La decisión de flexibilizar el funcionamiento de cada vez más sectores productivos y de servicios tiene como obvia consecuencia el incremento de contagios de covid en los lugares de trabajo. Según datos publicados por Tiempo Argentino , el número de trabajadores del sector privado que se enfermaron en sus lugares de trabajo supera los 78 mil, de los cuales el 6% corresponde a trabajadores de la salud. Los contagios se extienden por los lugares de trabajo porque el gobierno ha sido claro en su decisión de sacrificar la salud de los laburantes en el altar de las ganancias de los patrones.

El funcionamiento de los protocolos sanitarios no es más que un discurso que se cae a pedazos si se mira la realidad: en supermercados y mayoristas se detectaron 2400 casos, son más de 700 trabajadores del sindicato de vigiladores enfermos, más de 1100 casos entre bancarios; a los que se suman más de 141 casos positivos entre trabajadores del subte y más de 1096 trabajadores del gremio ferroviario contagiados de coronavirus. La lista podría continuar, ya que al día de hoy se estima que hay unos 16 millones de trabajadores activos, de los cuales 5 millones no están registrados, pero son obligados a trabajar bajo amenaza de despido. La política pro-patronal de un gobierno con rasgos cada vez más liberales que sociales, pone a la clase trabajadora en una encrucijada: si no trabajo no como y si trabajo me enfermo.

Mirá también:  Docentes: Una cuarentena solidaria

La vía libre a la desidia patronal se paga con la vida de los trabajadores. Incluso de aquellos que cumplen sus tareas de forma remota, como el caso de Paola de Simone, docente universitaria de la UADE y de la UBA, quien se vio obligada a seguir trabajando desde su casa mientras cursaba la enfermedad y falleció durante una clase por zoom. La pandemia se utiliza para atacar profundamente los derechos de los trabajadores y ya no alcanzan los adjetivos para describir el accionar de las direcciones sindicales, que se han borrado por completo de la escena y cuando aparecen, lo hacen para palmearle la espalda al gobierno.

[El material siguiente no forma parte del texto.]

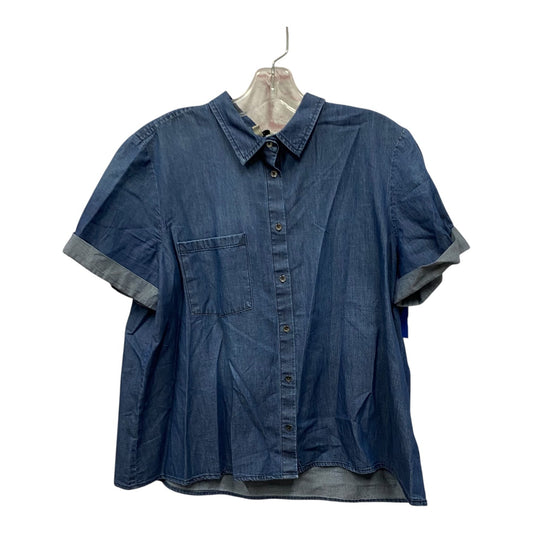 Top Ss By Calvin Klein In Blue Denim, Size:Xl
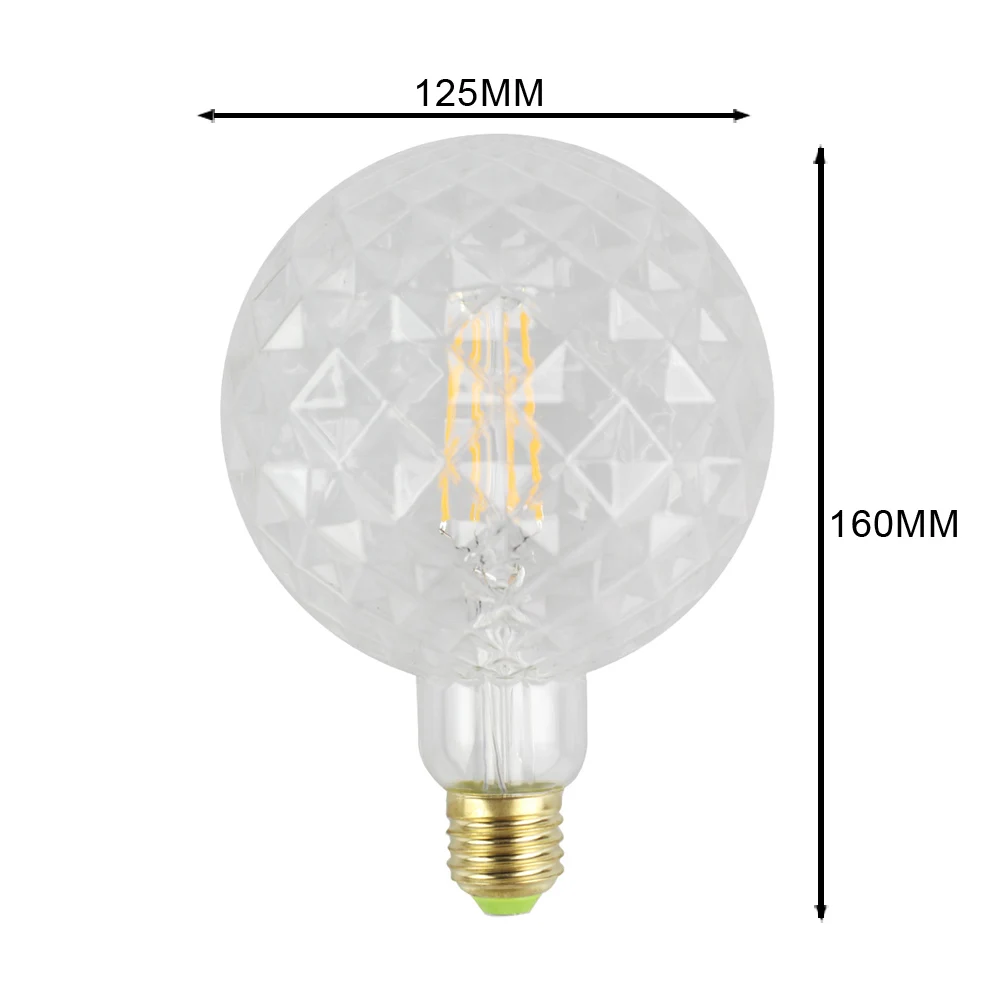 Tianfan G125 большой шар Винтаж светодиодные лампы 4 Вт Edison светодиодная лампа, лампы накаливания декоративная лампа накаливания теплый белый 220/240 V E27 с украшением в виде кристаллов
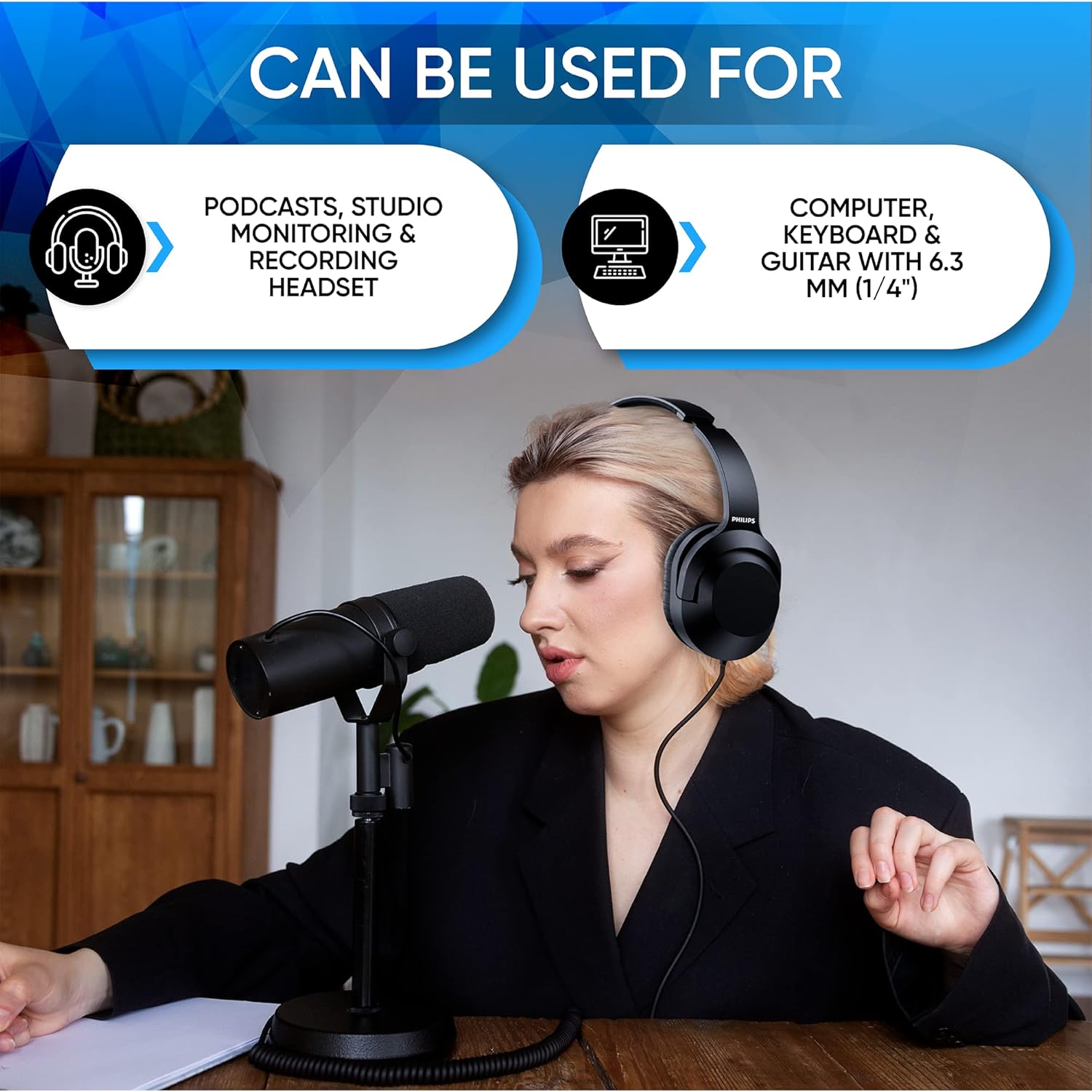 Philips Over Ear Wired Stereo Headphones for Podcasts, Studio Monitoring and Recording Headset for Computer, Keyboard and Guitar with 6.3 mm (1/4") Add On Adapter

La situación sanitaria del país se encuentra en el umbral del colapso por la saturación del sistema de salud, la falta de insumos y sobre todo por el agotamiento de sus trabajadores, que además cobran salarios de miseria y deben correr de un hospital a otro, arriesgándose de manera doble. La incapacidad del gobierno de apostar por una verdadera perspectiva sanitaria ya evidencia sus resultados y pone en riesgo el enorme esfuerzo hecho por la sociedad durante estos meses. La pseudopreocupación discursiva del gobierno por la pandemia se esfuma en el aire en tanto no destina presupuesto real para la salud y elige pagar la estafa de los bonistas; cuando en lugar de garantizar que todos los trabajadores puedan cuidar su salud sin que eso signifique quedarse sin trabajo, se dispone a armar hasta los dientes a la policía. La apertura total de la cuarentena es un retroceso en toda línea frente al grito empresarial y empieza a mostrar la cara más cruda de sus consecuencias.